Start of INFORMATION SHOWN
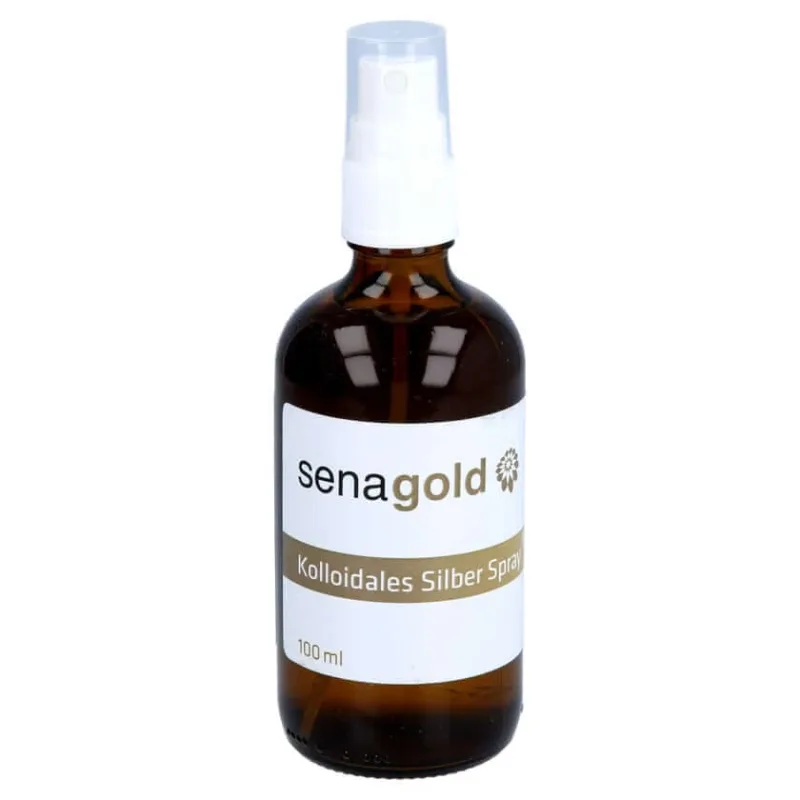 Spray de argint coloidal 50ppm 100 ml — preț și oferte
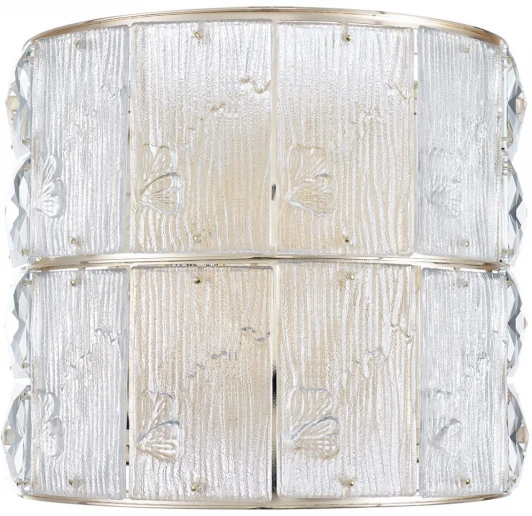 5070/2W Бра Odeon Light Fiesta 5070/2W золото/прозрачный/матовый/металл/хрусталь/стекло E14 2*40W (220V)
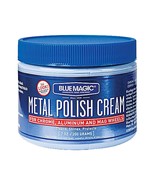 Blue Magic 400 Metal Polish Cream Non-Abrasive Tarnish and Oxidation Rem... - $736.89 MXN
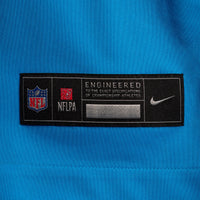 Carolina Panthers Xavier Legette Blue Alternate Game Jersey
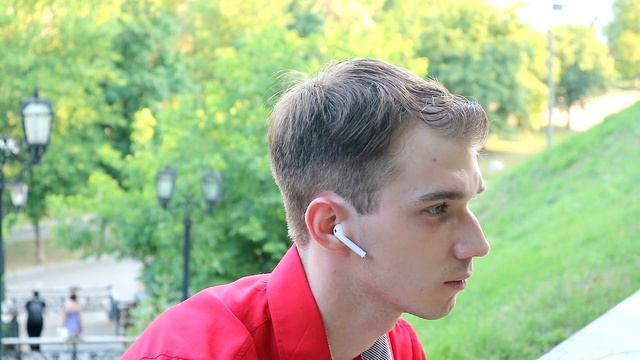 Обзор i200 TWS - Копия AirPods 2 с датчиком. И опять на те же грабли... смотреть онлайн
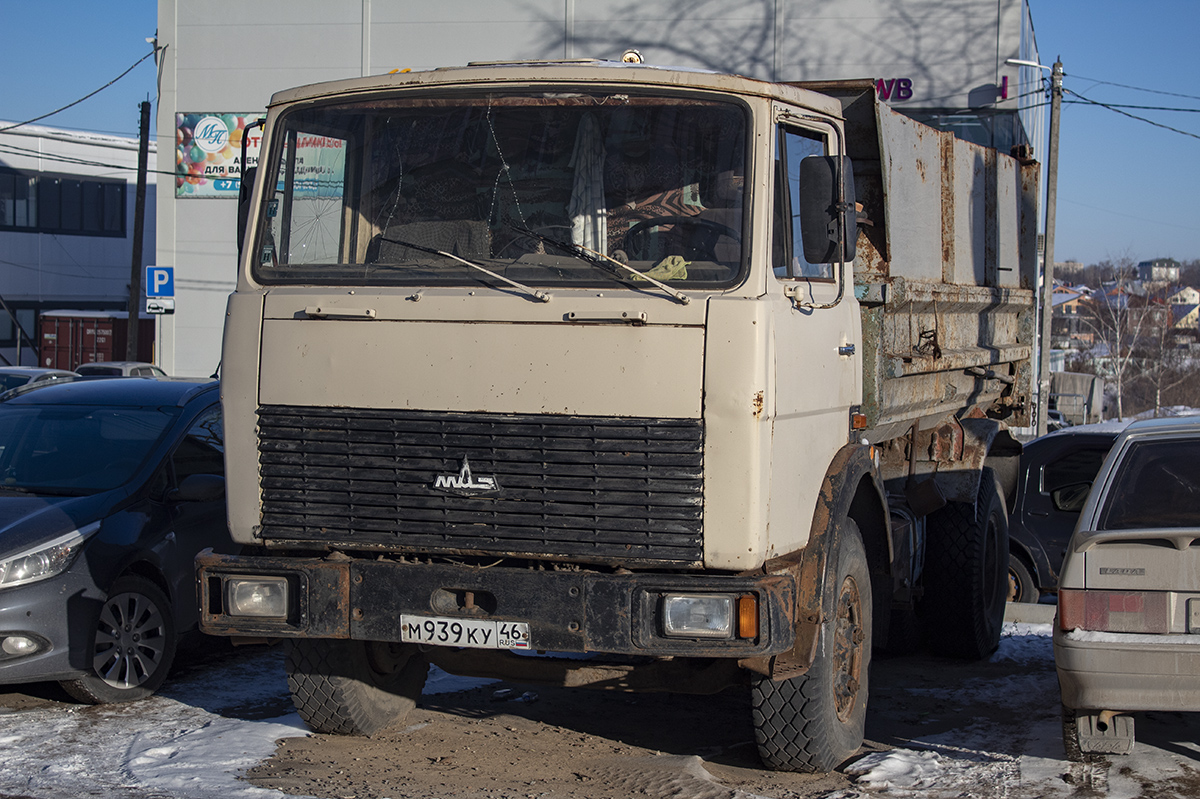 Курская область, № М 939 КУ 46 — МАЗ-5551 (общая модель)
End of INFORMATION SHOWN
ACTION ITEM:
Faithful copy, images left out: write out every line of data.

THE COMPLETED TASK:
 Spray de argint coloidal 50ppm 100 ml — preț și oferte
 5070/2W Бра Odeon Light Fiesta 5070/2W золото/прозрачный/матовый/металл/хрусталь/стекло E14 2*40W (220V)
 Blue Magic 400 Metal Polish Cream Non-Abrasive Tarnish and Oxidation Rem... - $736.89 MXN
 Carolina Panthers Xavier Legette Blue Alternate Game Jersey
 Обзор i200 TWS - Копия AirPods 2 с датчиком. И опять на те же грабли... смотреть онлайн
 Курская область, № М 939 КУ 46 — МАЗ-5551 (общая модель)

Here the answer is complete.